Commodifying Data Exploration

Abstract: Exploratory Data Analysis (EDA) is an iterative and often tedious process. Several strategies have been proposed to ease the burden on users in EDA ranging from stepwise to full-guidance approaches. Stepwise approaches rely on computing utility functions that determine the best action to take at each step. Full-guidance approaches rely on learning end-to-end exploration policies. Today’s big question is how to commodify EDA and make it easily deployable for all but for that we need to know what users are looking for: are they looking for a needle in a haystack, taking a tour of the data, or are they feeling lucky? This talk will investigate those questions and discuss the challenges of storing learned pathways through data or regenerating them when needed.

↗ Sihem Amer-Yahia (CNRS, Univ. Grenoble Alpes, France)
Sihem Amer-Yahia is a Silver Medal CNRS Research Director and Deputy Director of the Lab of Informatics of Grenoble. She works on exploratory data analysis and fairness in job marketplaces. Before joining CNRS, she was Principal Scientist at QCRI, Senior Scientist at Yahoo! Research and Member of Technical Staff at at&t Labs. Sihem is PC chair for SIGMOD 2023 and vice president of the VLDB Endowment. She currently leads the Diversity&Inclusion initiative for the database community.

 Keynote 2 
  Thu, 9th  
☷  09:10 - 10:00
  SCHÖ H 

Why Machine Learning for Automatically Optimizing Databases Doesn't Work

Abstract: Database management systems (DBMSs) are complex software that requires sophisticated tuning to work efficiently for a given workload and operating environment. Such tuning requires considerable effort from experienced administrators, which is not scalable for large DBMS fleets. This problem has led to research on using machine learning (ML) to devise strategies to optimize DBMS configurations for any application, including automatic physical database design, knob configuration, and query tuning. Despite the many academic papers that tout the benefits of using ML to optimize databases, there have been only a few major success stories in industry in the last decade.

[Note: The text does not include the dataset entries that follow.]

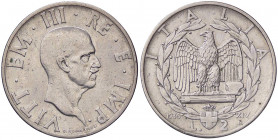 SAVOIA - Vittorio Emanuele III (1900-1943) - 2 Lire 1936 XIV Impero Pag. 754; Mont. 175 R NI
BB+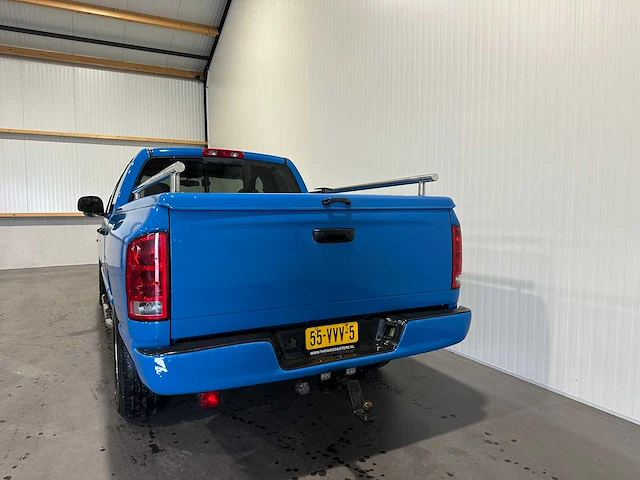 Dodge - ram - 1500 v8 dubbel cabine lpg bedrijfswagen 55-vvv-5 - afbeelding 4 van  20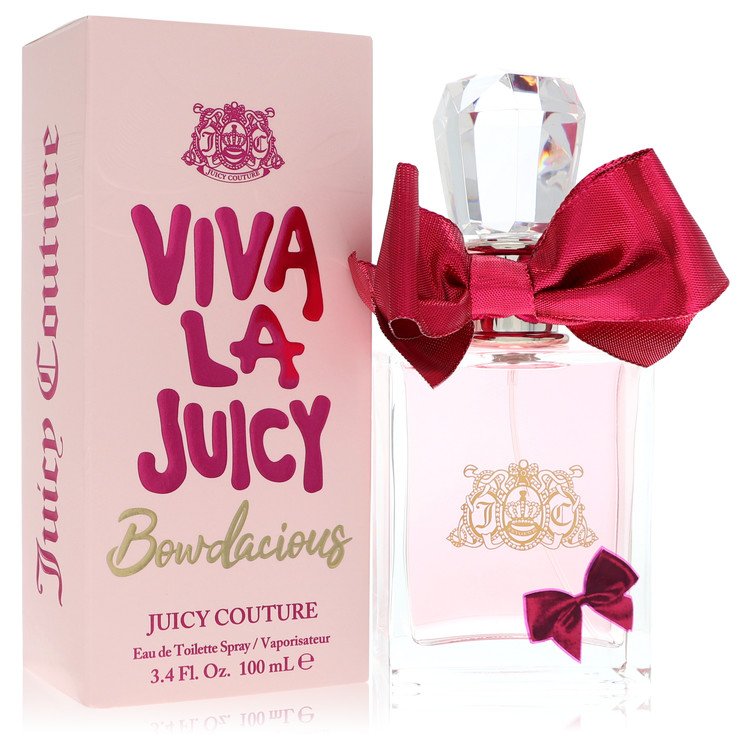 Viva La Juicy Bowdacious Perfume By Juicy Couture Eau De Toilette Spray- free shipping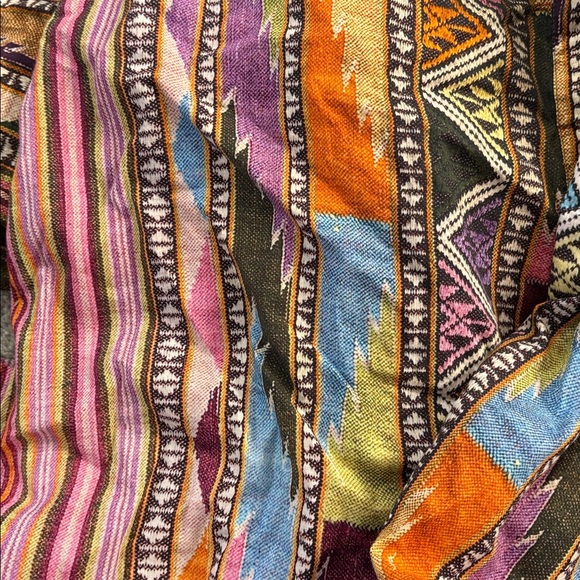 Rare !!! Anthropologie NWT Ro's Garden Flirty Midi Lined Dress size S. - Picture 10 of 13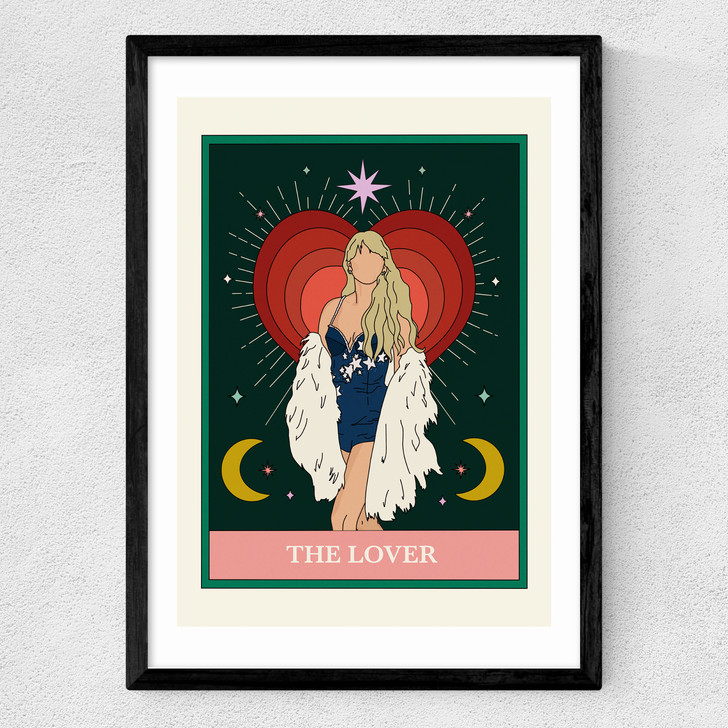 The Lover Medium Black Frame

In this talk, I discuss the challenges of using ML-enhanced tuning methods to optimize databases. I will address specific assumptions that researchers make about production database environments that are incorrect and identify why ML is not always the best solution to solving real-world database problems. As part of this, I will discuss state-of-the-art academic research and real-world tuning implementations.

↗ Andy Pavlo (Carnegie Mellon University, Pittsburgh, USA)
Andy Pavlo is an Associate Professor with Indefinite Tenure in the Computer Science Department at Carnegie Mellon University. He is also the co-founder of the OtterTune automated database optimization start-up (↗ ottertune.com).